Kısa sürede işinde sivrilen ve terfi alan Mirja, yavaş yavaş arkadaş çevresinden kopacak ve farklı sorumluluklar üstlenerek hayatını rayına oturtmaya çalışacaktır. İlk uzun metrajlı filmiyle güçlü bir çıkış yapan Şekersöz, neredeyse hiç erkek sokmadığı (iki belirgin ama küçük rol dışında hiç erkek yok neredeyse) filminde tam bir kadın dünyası yaratıyor ama sadece kadınlığa dair meseleleri işlemediği gibi Kürt kimliği üzerine de inşa etmiyor hikâyesini. Filmin hemen hemen her sahnesinde yer alan Evin Ahmad (Mirja) ise yetkin oyunculuğuyla muhtemelen filmin en büyük kozu. Wonder Woman’ın gizli tarihi Çizgi roman meraklılarının yakından tanıdığı, son yıllardaki DC sinema uyarlamalarıyla (ve Gal Gadot’un karşı koyulmaz çekiciliği sayesinde) geniş kitlelerin de tanıştığı Wonder Woman karakterinin nasıl ortaya çıktığına dair gerçek bir hikâye anlatan “Professor Marston and the Wonder Women” yine kadın bir yönetmen (Angela Robinson Brown) tarafından çekilmiş. 1930’lu ve 40’lı yıllarda ABD’de geçen film ‘yalan makinesi’ni icat etmeye çabalayan karı koca bir akademisyen çiftin onlarla çalışmaya başlayan genç ve çekici stajyerle olan ilişkileri üzerinden çatıyor hikâyesini. Kısa bir süre sonra üçlü bir ilişki yaşamaya başlayacak olan bu ‘tuhaf aile ne yazık ki dönemin muhafazârlığına kurban gidecek ve önce işlerinden, sonra da yaşadıkları mahalleden kovulacaktır.
İşsiz kalan Professor Marston’ın aklına süper güçleri olan bir kadın kahraman yaratmak gelir ve bu kahramanı da ikisi de feminist olan karısı ve metresinden esinlenerek Amazon yapmaya karar verir. Üstelik bol bol sado mazo sahneler, ‘bondage’ (bağlama), ‘spanking’ (kalçaya şaplak) gibi erotik çağrışımlar da çizgiromanda bolca yer alacaktır.

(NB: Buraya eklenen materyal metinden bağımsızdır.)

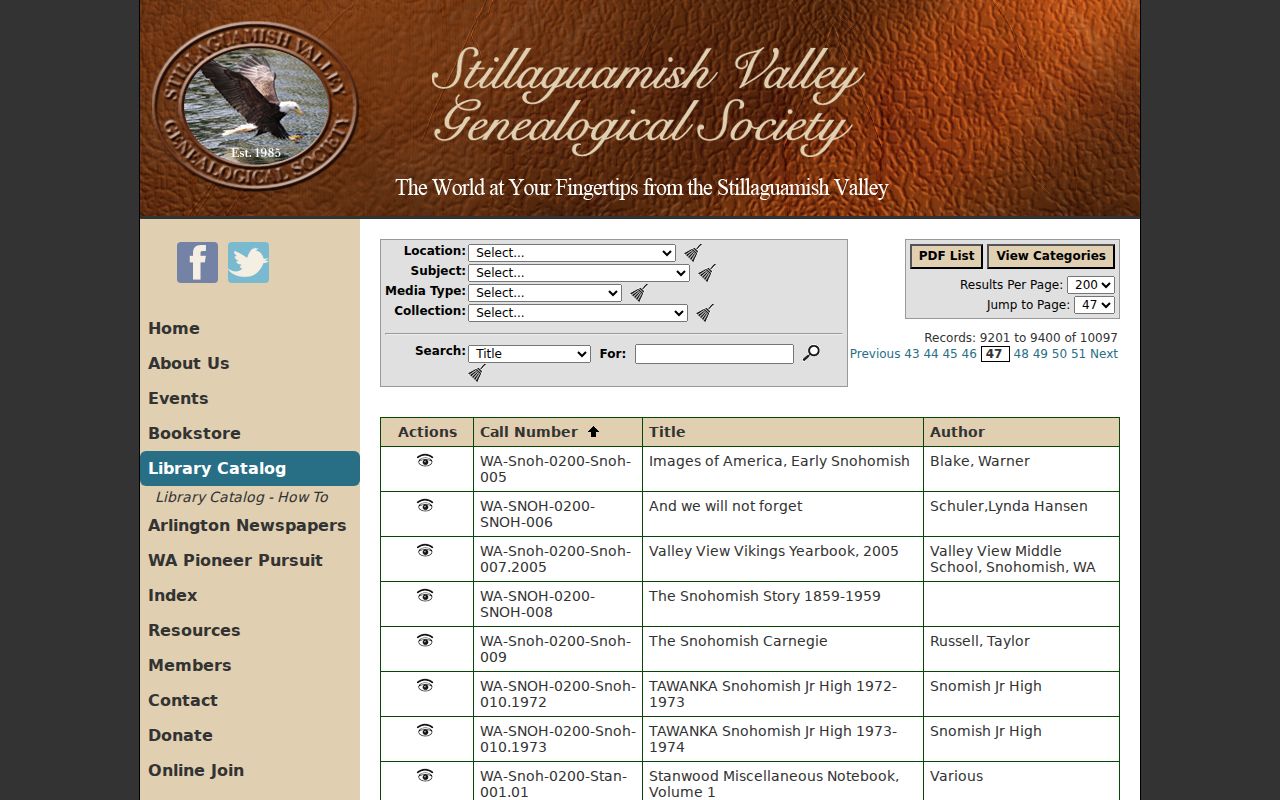 Genealogy catalog entries for Polk's Lynnwood city directory volumes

Tabii bu durum ahlak zabıtalarının hiç hoşuna gitmeyecektir. Daha önce “L Word” ve “True Blood” gibi dizilerde yönetmenlik yapan Angela Robinson Brown’ın bu şaşırtıcı filmi bugün hâlâ tabu sayılan bazı meselelerin bundan 70 yıl önce nasıl yaşandığını ve toplumda nasıl karşılandığı gösteren ve milyonların severek izlediği Wonder Woman’ın da aslında ne denli radikal bir kökeni olduğu anlatan etkileyici bir iş.